Both Chinese and Hindi have more native speakers than the English language, with roughly 982 million and 460 million, respectively. However, with 375 million native speakers, the English language is the most spoken in the world. It’s also a second language for more than 1.1 billion people. This makes the total number of speakers around 1.5 billion worldwide.
Why is English such a popular language globally? It might have something to do with historic British expansion. There was a time when it was said that the sun never set on the British Empire. Or perhaps it’s related to the global economy, which long treated English as the universal language of business.
Likely, both of these factors played a role. However, it’s also worth noting that English is an incredibly versatile and expressive language that lends itself to evolution. As a result, the English language is constantly growing and changing. This helps provide endless opportunities to express emotions, and ideas, and to create new identities.
Those who are most familiar with the English language, including linguists, authors, and literary historians, have plenty to say on the subject.
Noting both the versatility and appeal of English as a whole, American linguist and author Richard Lederer says, “English is the most universal language in history, way more than the Latin of Julius Caesar. It’s the most punderful language because its vocabulary has a certain critical mass that makes a lingo good for punning.”
Indeed, one of the most notable advantages of the English language is how flexible it can be. Although the English alphabet features just 26 characters, the ways they combine to create words and express meaning are practically infinite. More importantly, however, is that words can have multiple meanings, and the accepted meaning of a word can change over time. Words can also merge together to create new terminology that conveys greater meaning than the sum of its parts. English is also famous for adopting words from other languages. This openness to evolution is not just an indicator of English-speaking cultures that embrace change, but of the language’s ability to change with a culture over time.
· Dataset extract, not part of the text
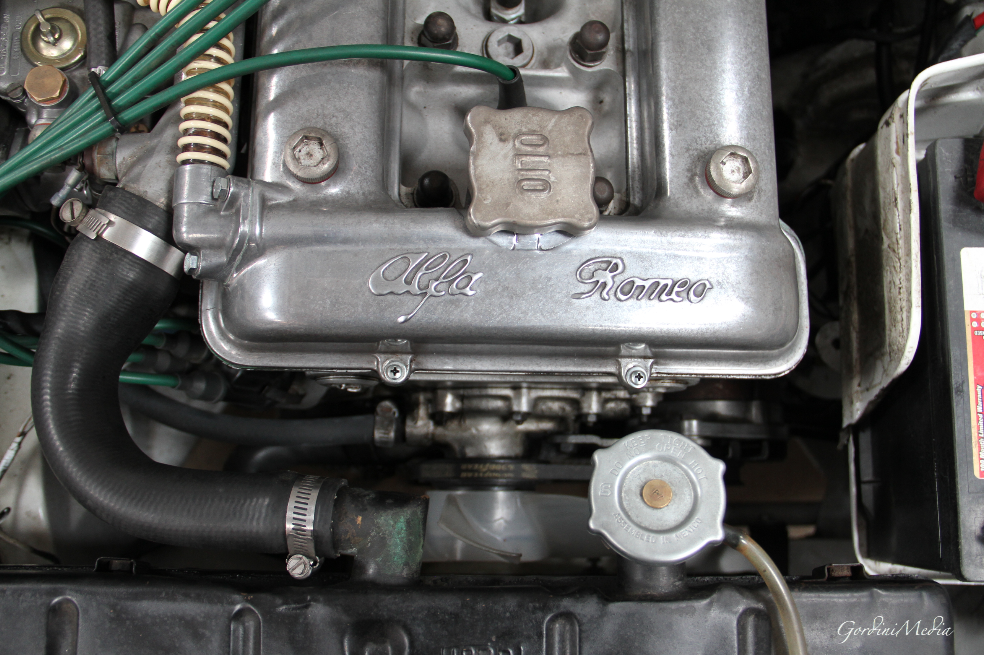 Screen Shot 2016-01-09 at 6.43.39 PM.png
“The English language is nobody’s special property. It is the property of the imagination: it is the property of the language itself,” said Sir Derek Walcott, Saint Lucian poet, playwright, and recipient of the Nobel Prize in Literature.
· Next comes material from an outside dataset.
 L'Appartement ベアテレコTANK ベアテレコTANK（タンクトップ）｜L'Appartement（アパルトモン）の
English translation can be incredibly difficult because of the complex expressions and flexible nature of the English language. However, these are also its greatest strengths, especially when it comes to expressing ideas and emotions.
Crime writer and poet Dorothy L. Sayers aptly summed up the process of learning English when she said, “The English language has a deceptive air of simplicity; so have some little frocks; but they are both not the kind of thing you can run up in half an hour with a machine.”
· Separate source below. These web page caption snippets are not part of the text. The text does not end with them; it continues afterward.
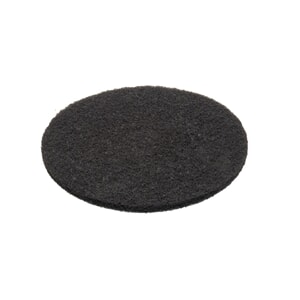 3M pad sort 17"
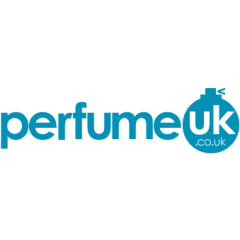 Perfume UK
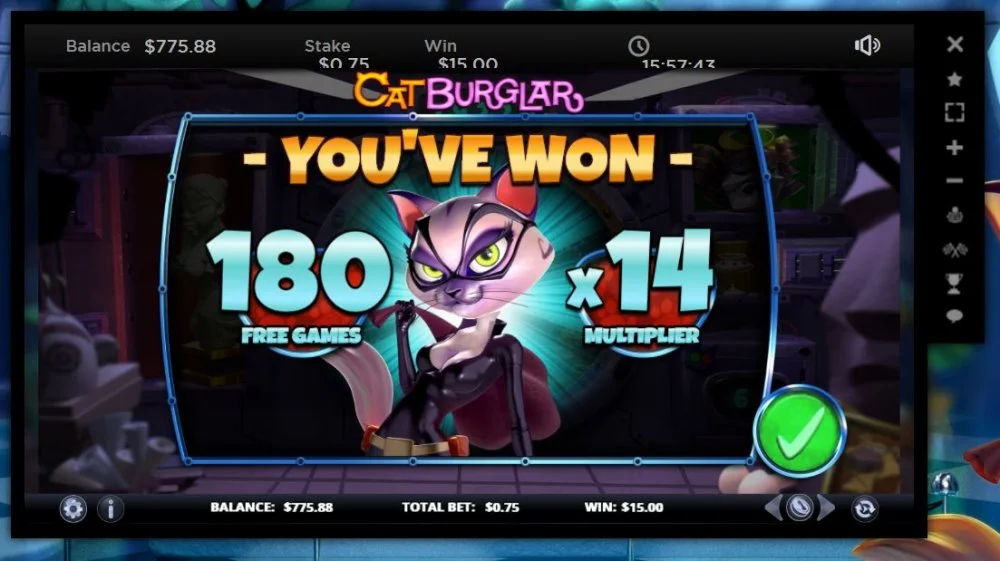 cb.webp
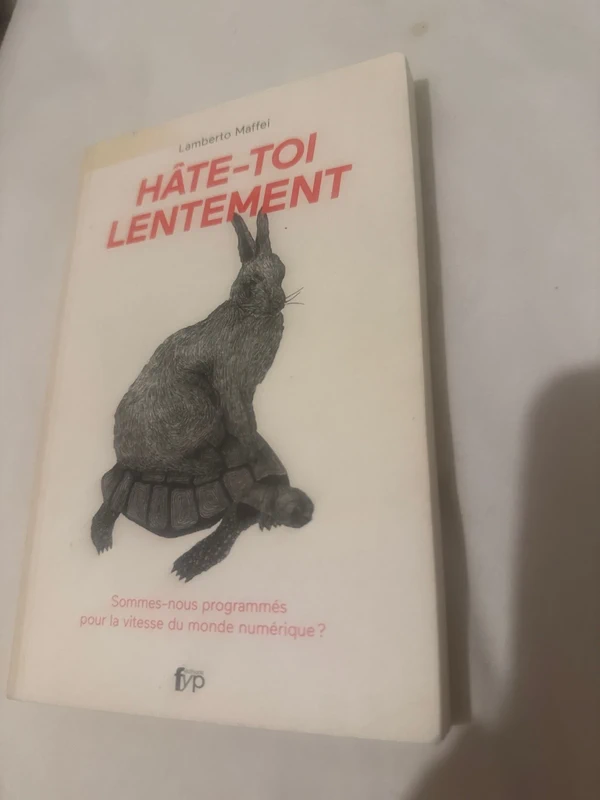 Livre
It is widely agreed upon in linguist circles, not to mention anecdotally, that English is among the most difficult languages to learn. Oddly enough, this is even true for many native speakers. Consider how many English speakers confuse there, their, and they’re. Others stumble over rules like “i before e, except after c,” because there are so many exceptions. Now think how difficult it must be for non-native speakers to learn such a wildly dynamic and contradictory language. There’s no shortage of instances where the English translation is a matter of knowing the rules and when to break them.
Of the beloved William Shakespeare, American literary historian and author Stephen Greenblatt say, “First of all, there was a volcano of words, an eruption of words that Shakespeare had never used before that had never been used in English before. It’s astonishing. It pours out of him.”
Shakespeare is typically the greatest playwright in history. He had an amazing knack for observing the human experience and making it relatable and entertaining. Perhaps his greatest feat, however, was finding the right words to describe it all—or simply making up new English words when the ones he wanted didn’t exist. Shakespeare is credited with adding thousands of words to the English language throughout his life and career, including common phrases that are still in use today.
As French author Mireille Guiliano notes, “In France we have a saying, joie de vivre, which doesn’t exist in the English language. It means looking at your life as something that is to be taken with great pleasure and enjoy it.”
Language is inextricably linked to culture, insofar as we use language as an expression of social and cultural values, ideals, morals, and the principles that govern our lives.
However, English isn’t perfect. Sometimes infusing its sentiments with words and phrases from another language is the best way to express the true essence of a feeling or act. In doing so, the language becomes an even richer mélange.